Most of all, books can catalyze empathy—something more and more precious in our increasingly polarized and tribal world. Reading, Jean Rhys once wrote, “makes immigrants of us all. It takes us away from home, but more important, it finds homes for us everywhere.”


Over the years, I had the good fortune to have some inspiring teachers who enriched my understanding and appreciation of books.

At its best, literature can surprise and move us, challenge our certainties, and goad us into reexamining our default settings. Books can jolt us out of old habits of mind and replace reflexive us-versus-them thinking with an appreciation of nuances and context. Literature challenges political orthodoxies, religious dogma, and conventional thinking (which, of course, is why authoritarian regimes ban and burn books), and it does what education and travel do: it exposes us to a multiplicity of viewpoints and voices.

Literature, as David Foster Wallace has pointed out, gives the reader, “marooned in her own skull,” imaginative “access to other selves.”

Or, as President Barack Obama observed during his last week in the White House, books can supply historical perspective, a sense of solidarity with others, and “the ability to get in somebody else’s shoes.” They can remind us of “the truths under the surface of what we argue about every day,” and the capacity of “stories to unify—as opposed to divide, to engage rather than to marginalize.”

In a world riven by political and social divisions, literature can connect people across time zones and zip codes, across cultures and religions, national boundaries and historical eras. It can give us an understanding of lives very different from our own, and a sense of the shared joys and losses of human experience.


AMERICANAH

(2013)

Chimamanda Ngozi Adichie

With Americanah, Chimamanda Ngozi Adichie has written a wonderfully touching, incisive, and very funny coming-of-age tale that’s both an old-fashioned love story and a sharp-eyed meditation on race, class, immigration, and identity in our rapidly changing, globalized world.

Adichie’s spirited and outspoken heroine, Ifemelu, grows up in Lagos, Nigeria, where she falls in love, in high school, with Obinze, the earnest and quietly charming son of a literature professor. The two have instant chemistry—“she realized, quite suddenly, that she wanted to breathe the same air as Obinze”—and picture a future together, possibly in America, a country Obinze reveres.
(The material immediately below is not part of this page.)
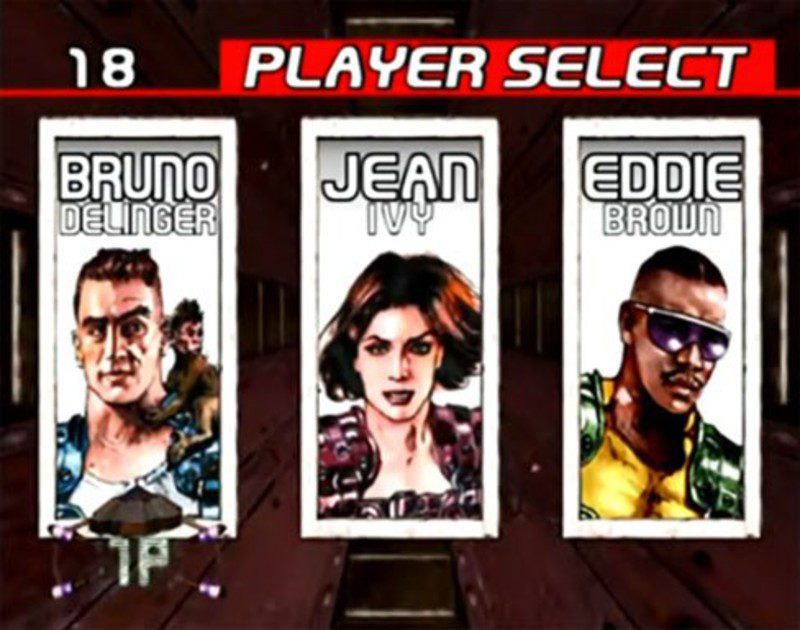 Dynamite Cop/Deka 2 02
When teacher strikes interrupt their college lives and Ifemelu receives a scholarship to attend university in America, Obinze urges her to take it. He tells her that he will get a visa and follow her there as soon as he completes his college degree, but harsh post-9/11 immigration policies will prevent this from happening. He will instead spend several miserable years as an illegal immigrant in London, where he is unable to find any but the most menial jobs. Eventually, he returns to Lagos, where he becomes a successful property developer, marries, and has a child.

Ifemelu, meanwhile, struggles to adapt to life in America. She compares what she sees firsthand with memories of Cosby Show episodes she watched growing up. And she hungers “to understand everything about America”—“to support a team at the Super Bowl, understand what a Twinkie was and what sports ‘lockouts’ meant,” order “a ‘muffin’ without thinking that it really was cake.” Back home, she hadn’t really thought of herself as “black,” and she’s startled by how ubiquitous arguments about race are in the United States, permeating everything from romances to friendships to on-the-job dynamics. In a blog post addressed to “Fellow Non-American Blacks,” she writes, “Stop arguing. Stop saying I’m Jamaican or I’m Ghanaian. America doesn’t care. So what if you weren’t ‘black’ in your country? You’re in America now.”


Adichie has a heat-seeking eye for telling social and emotional details, and she uses that gift to convey Ifemelu’s experiences with extraordinary immediacy.